== What is being asked ==
The copy should hold exactly the lines below from the one that contains "Package Directory during Branching Baseline" through the one that contains "Sage Green Floral" and nothing else, so no pictures.

== Data provided ==
▼

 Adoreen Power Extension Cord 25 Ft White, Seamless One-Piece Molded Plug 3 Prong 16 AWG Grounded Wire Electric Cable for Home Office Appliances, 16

▲
▼

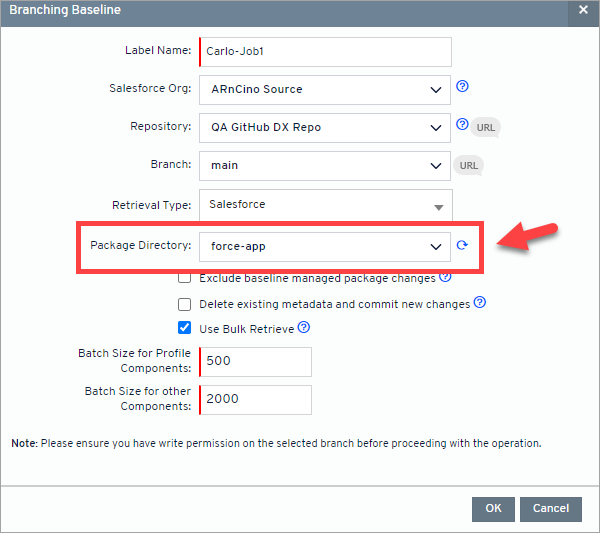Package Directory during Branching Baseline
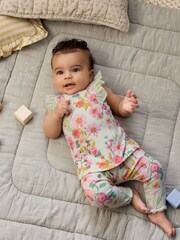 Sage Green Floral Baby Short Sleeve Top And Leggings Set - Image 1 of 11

▲

== Expected answer ==
Package Directory during Branching Baseline
 Sage Green Floral Baby Short Sleeve Top And Leggings Set - Image 1 of 11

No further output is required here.